**What to work on**:
First find the line with "this 360×240 image.", then reproduce it and all following lines of the data to the end, exactly and with no pictures, adding nothing.

**Given information**:
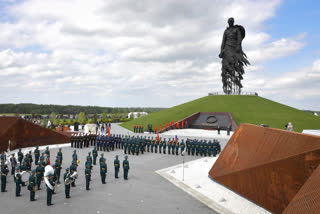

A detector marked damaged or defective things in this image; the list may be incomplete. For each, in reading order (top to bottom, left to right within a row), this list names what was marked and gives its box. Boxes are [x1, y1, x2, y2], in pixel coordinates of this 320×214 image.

rusted steel panel [0, 117, 70, 152]
rusted steel panel [209, 123, 320, 214]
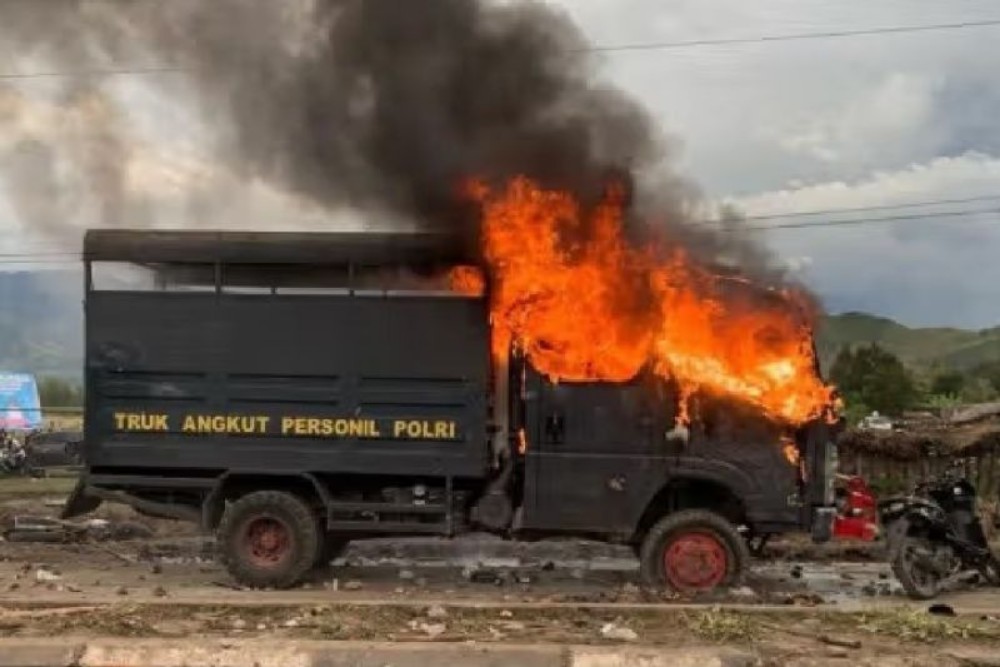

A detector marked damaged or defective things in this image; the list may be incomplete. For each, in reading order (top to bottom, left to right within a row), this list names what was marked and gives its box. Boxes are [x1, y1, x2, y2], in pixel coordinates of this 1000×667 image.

charred vehicle [62, 231, 840, 596]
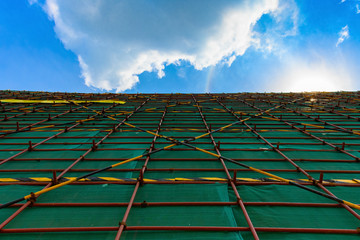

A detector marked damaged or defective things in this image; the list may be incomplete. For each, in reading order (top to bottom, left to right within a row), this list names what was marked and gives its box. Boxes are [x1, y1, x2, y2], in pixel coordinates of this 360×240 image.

rusty metal scaffolding [0, 90, 358, 240]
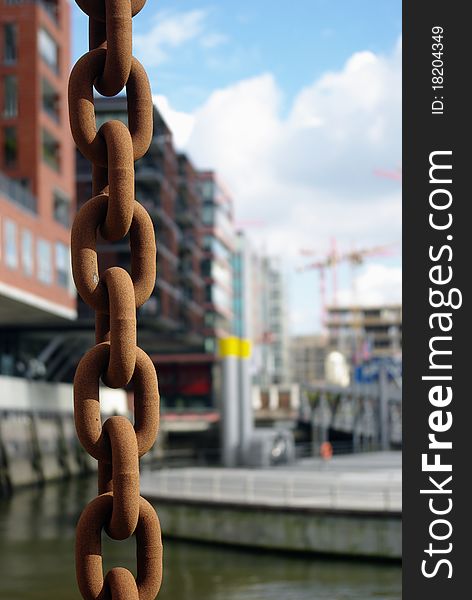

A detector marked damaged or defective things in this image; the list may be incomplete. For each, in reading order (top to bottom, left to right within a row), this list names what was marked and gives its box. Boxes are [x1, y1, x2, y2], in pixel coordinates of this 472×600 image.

rusty chain [68, 2, 162, 596]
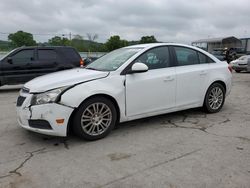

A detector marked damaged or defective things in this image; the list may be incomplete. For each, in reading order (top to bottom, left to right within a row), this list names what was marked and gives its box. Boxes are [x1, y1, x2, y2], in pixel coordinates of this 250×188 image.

damaged front bumper [16, 91, 73, 137]
cracked pavement [0, 72, 250, 187]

**Completed exercise**:
A detector marked damaged or defective things in this image; the list may be incomplete. For each, in reading order (top to bottom, left to right within a row), this list names what was marked and gives its box. Boxes are [x1, y1, x2, y2], in pixel coordinates of this 360×240 image.

rusty metal scaffolding [0, 90, 358, 240]

A detector marked damaged or defective things in this image; the list may be incomplete. For each, in reading order (top to bottom, left to right within a row), this list names what was marked and gives its box. Boxes are [x1, y1, x2, y2], in pixel coordinates of this 472×600 image.

rusty chain [68, 2, 162, 596]

A detector marked damaged or defective things in this image; the list may be incomplete. For each, in reading order (top to bottom, left to right within a row), this list names what was marked and gives its box. Boxes are [x1, y1, x2, y2], in pixel coordinates of this 250×188 image.

damaged front bumper [16, 91, 73, 137]
cracked pavement [0, 72, 250, 187]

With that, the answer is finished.